Skip all pictures; return exactly the lines from the one containing "Close-up of the" through the end of the data.

====== RECORD EXCERPTS

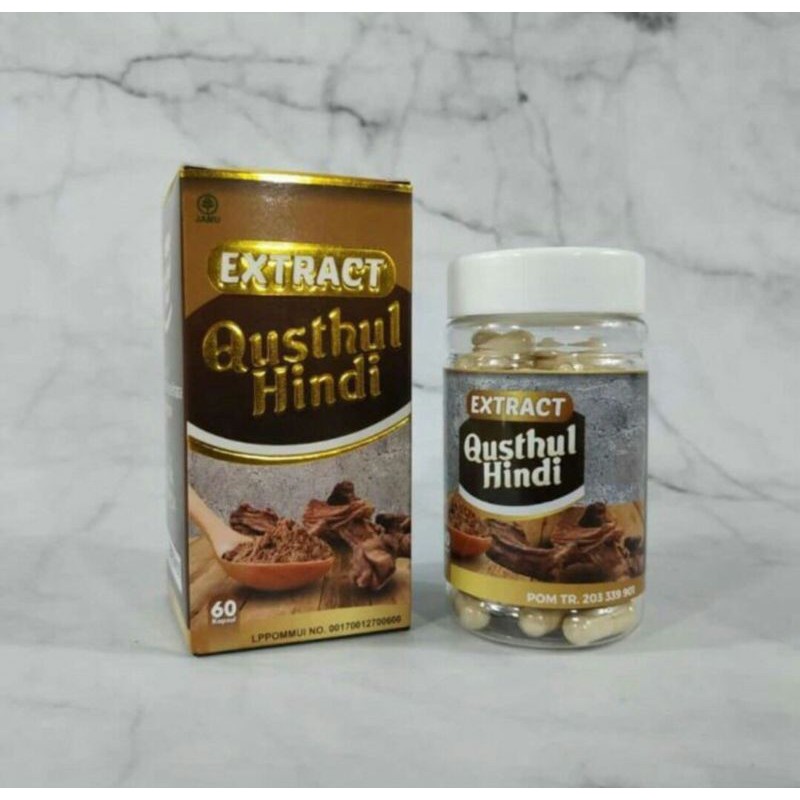 Kapsul Qusthul Hindi Asli / Kapsul Qustul Hindi Original / Madu Qusthul Hindi / Serbuk Qusthul Hindi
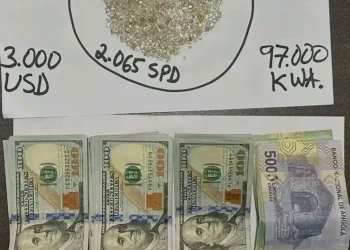 SIC apreende mais de duas mil pedras de diamantes e 300 dólares norte-americanos na Lunda-Norte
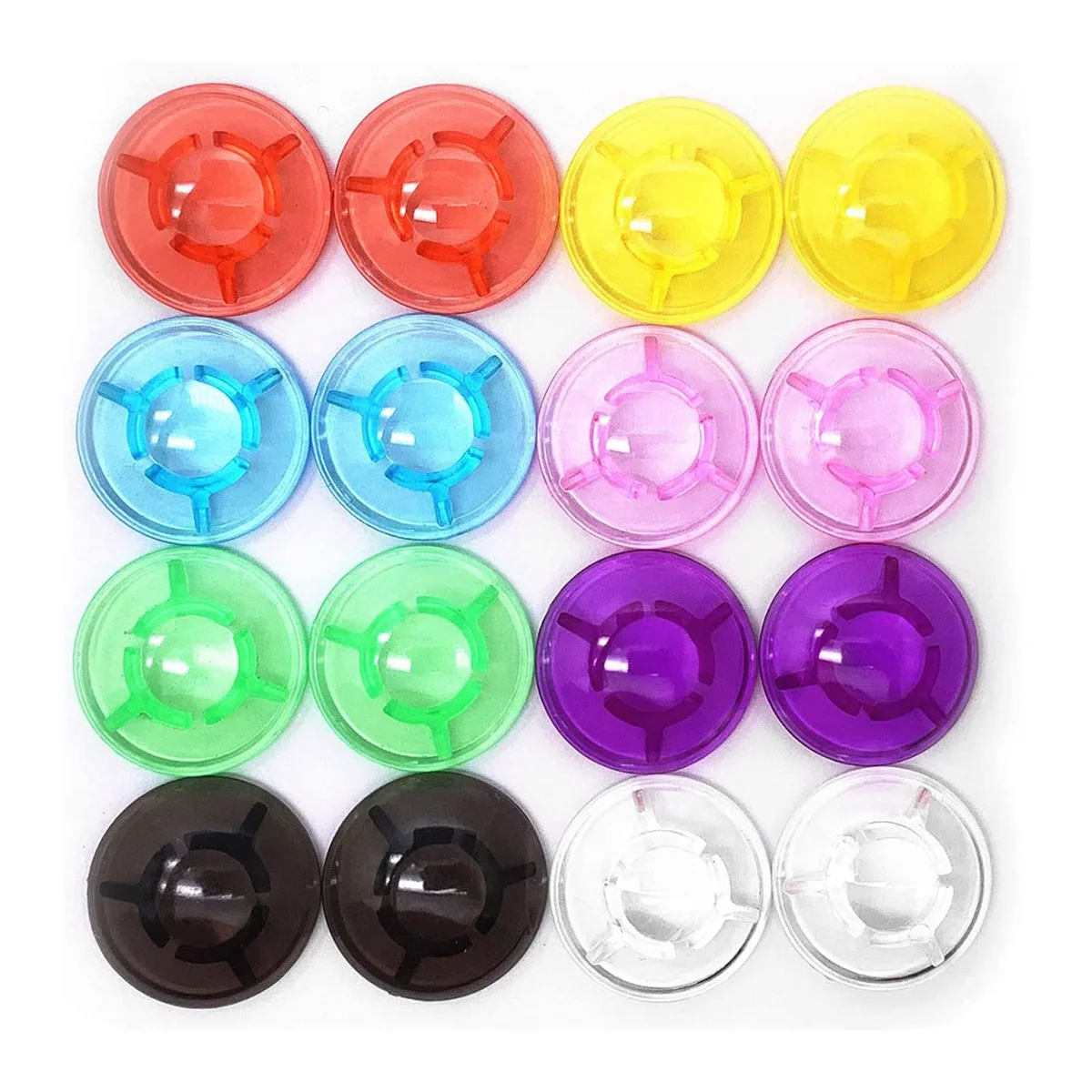 16 Pack Multi Colors Mushroom Style Guitar Effect Pedal Footswitch Toppers Foot Nail Cap Protection Cap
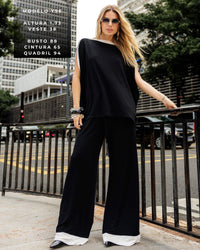 Conjunto Vicenza Afine Preto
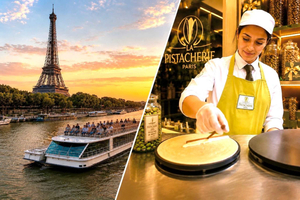 Panoramic Seine Cruise with Gourmet French Crêpe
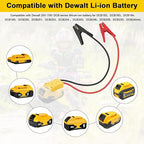 Jumper Cable Clamps for DeWalt 20V Battery Jump Starter, 2.0FT 8AWG Car Battery Jumper Cable with Adapter, Automotive Battery Booster Cable for Tools used to Jump Start a Car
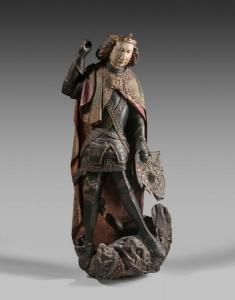 ANONYMOUS,Saint Michel terrassant le dragon,1500,Artcurial | Briest - Poulain - F. Tajan 2019-03-27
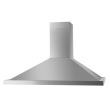 Hotte décorative encastrable Hausberg HB-1360, puissance d&#39;aspiration 650 m3/h, 1 moteur, 90 cm, acier inoxydable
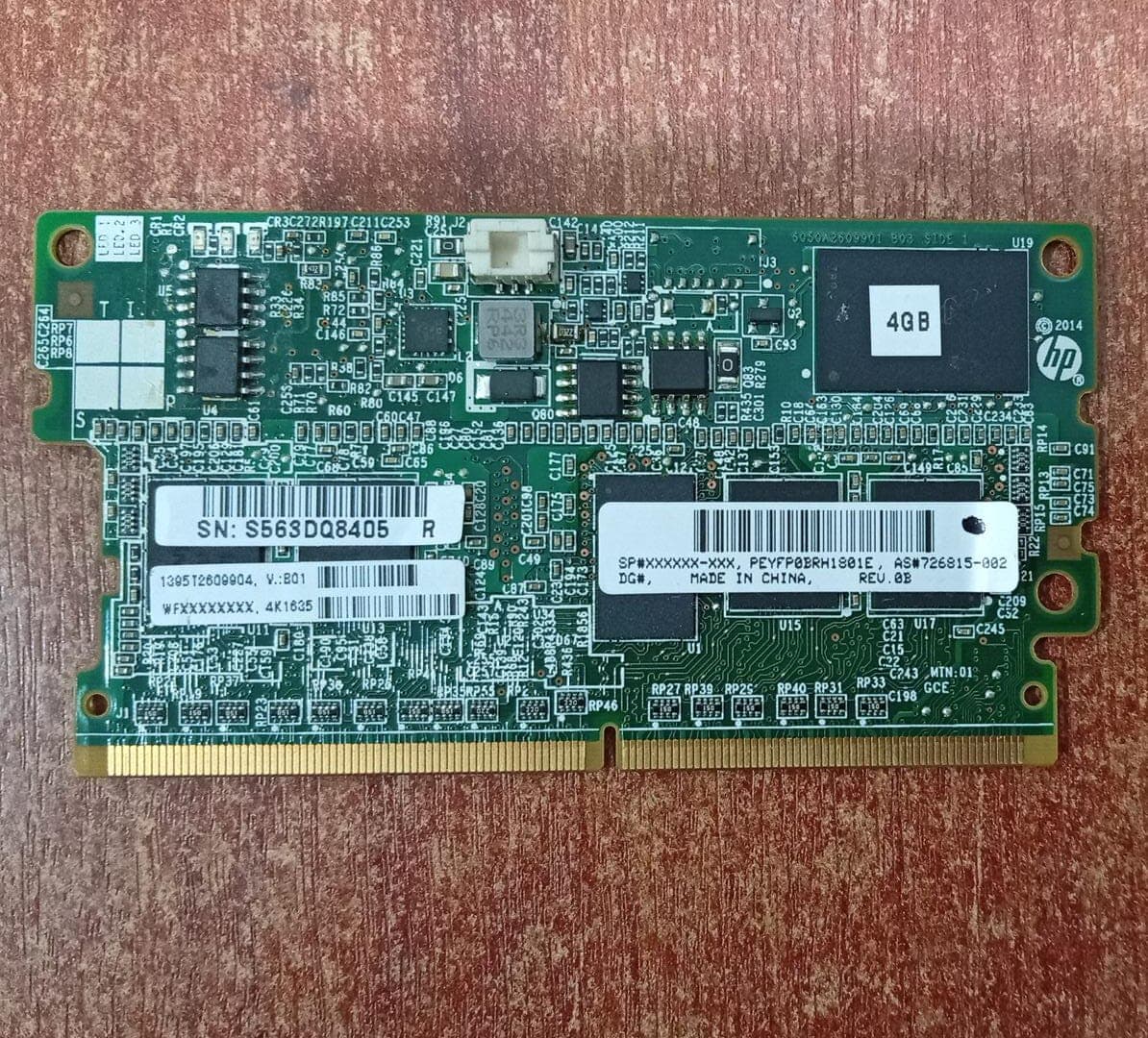 Módulo Memoria Caché HP 4GB FBWC 726815-002 Para Smart Array P440 P441 P840 Gen9 — imagen 1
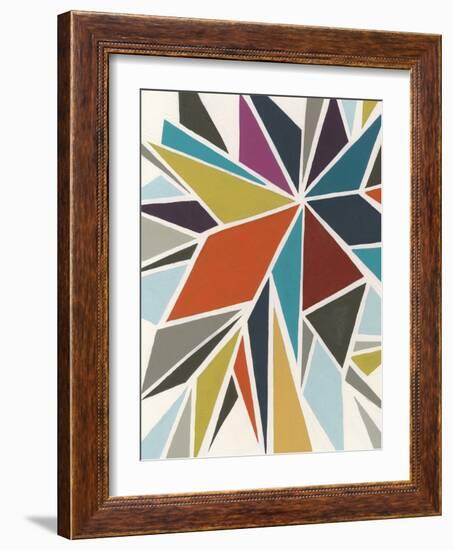 Pinwheel I-Erica J^ Vess-Framed Art Print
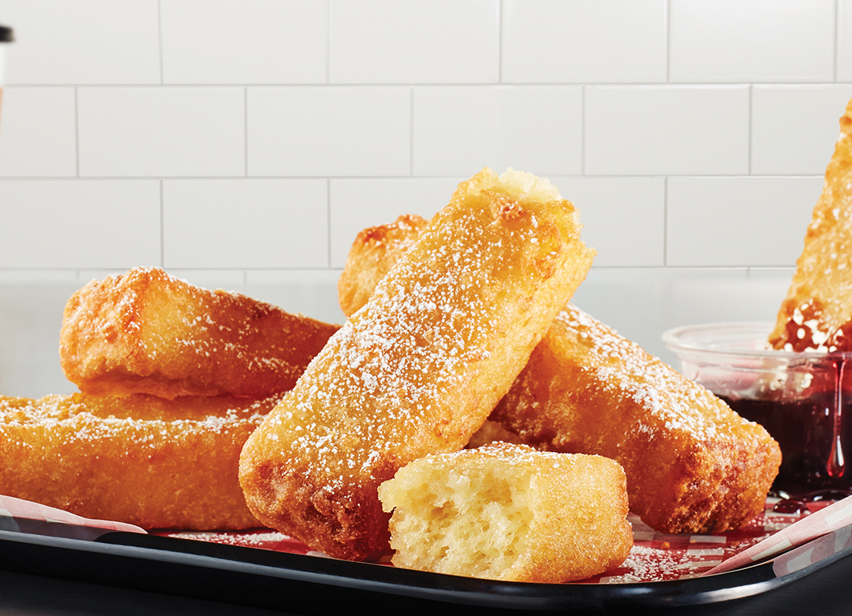 French Toast Sticks with Blueberry Maple Syrup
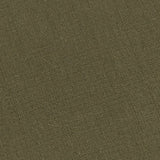 Close-up of the Slub Cotton Woven Plain Cushion in Lichen, showing the softly textured, slubbed weave of the muted olive green cotton fabric.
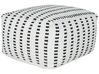 Pouf d'extérieur blanc et noir 50 x 50 x 30 cm GAJAN_931682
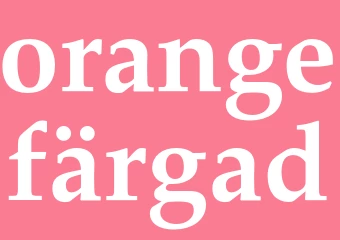 Synonym orangefärgad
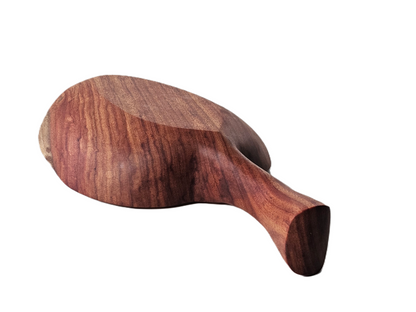 Servierschale in Blattform - Santa Holz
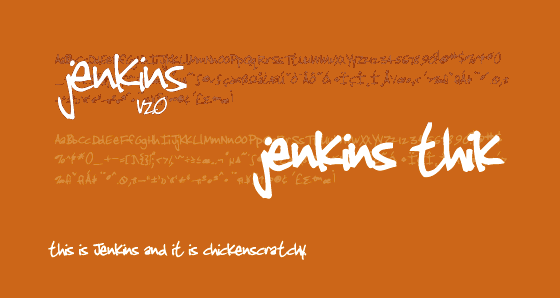 Jenkins v2.0 Font Family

============

ANSWER SPACE:
 Close-up of the Slub Cotton Woven Plain Cushion in Lichen, showing the softly textured, slubbed weave of the muted olive green cotton fabric.
 Pouf d'extérieur blanc et noir 50 x 50 x 30 cm GAJAN_931682
 Synonym orangefärgad
 Servierschale in Blattform - Santa Holz
 Jenkins v2.0 Font Family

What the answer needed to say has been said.